Well, everybody's heard about the Tim-Tam Slam (T-T-T-Tim-Tam slam, slam is the, er, word). There are precious few good things to have come out of Australia, but this is one of them - a genius combination of eating a chocolate biscuit and drinking tea or coffee (or similar), which is more or less like what downing chunky chocolate-and-caffeine soup would be like if that wasn't an intrinsically horrible idea.

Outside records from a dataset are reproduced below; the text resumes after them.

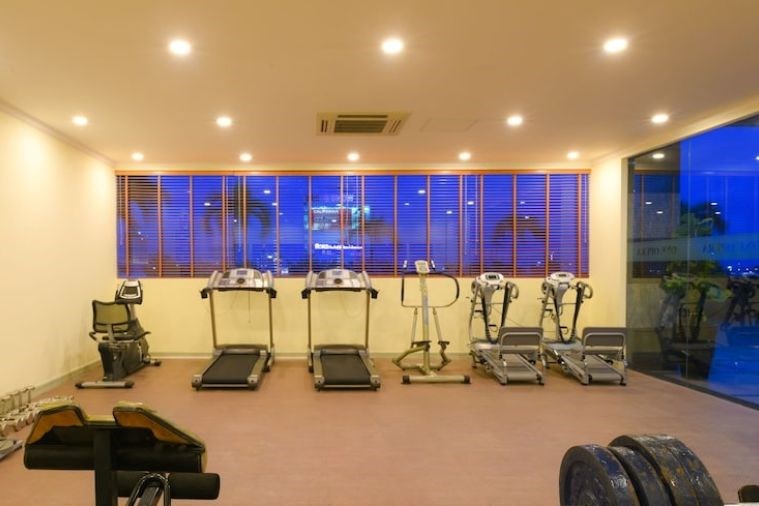 Mường Thanh Luxury Sông Hàn Hotel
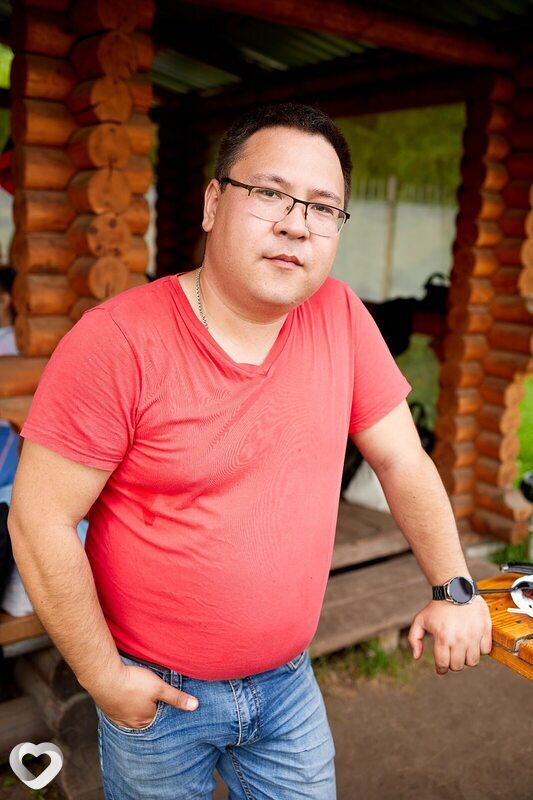 Михаил, 39, Барнауле — анкета №2056485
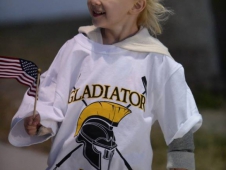 Gladiator Polo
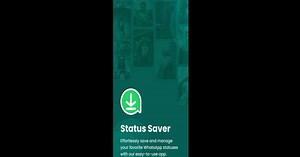 在 PC 和 Mac 上下載和運行 Status Saver - Download Status（模擬器）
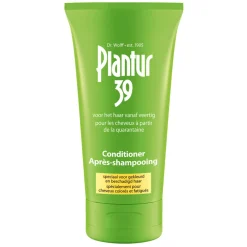 Cafeïne Shampoo en Conditioner Pakket^Plantur 39 New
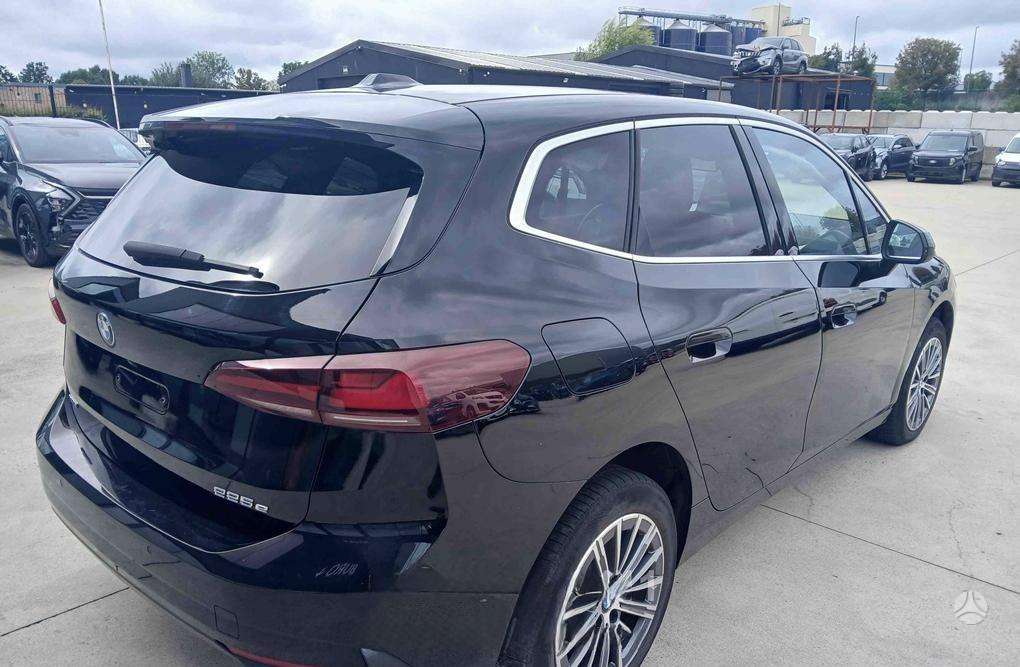 BMW 225 Active Tourer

But! You can't get Tim-Tams in the UK. Well, actually, you can now, but you shouldn't - Tim-Tams are an Australian biscuit, for Australian people, and to eat them over here, except as an occasional foray into exotic foreign food, is simply wrong. Rather, patriotic Britons must practice slammage using our trusty British biscuits, safeguarding our national biscuit heritage for future generations.
So, which British biscuits are useful for the slam-happy Brit? Shockingly, there is precious little information publically available on this vital topic - a deficit which this page attempts to put right. Here, i will attempt to catalogue the suitability of all known biscuits for getting your slam on. If you have information on further biscuits, or conflicting information about the biscuits already listed, i implore you to contact me at email@example.com.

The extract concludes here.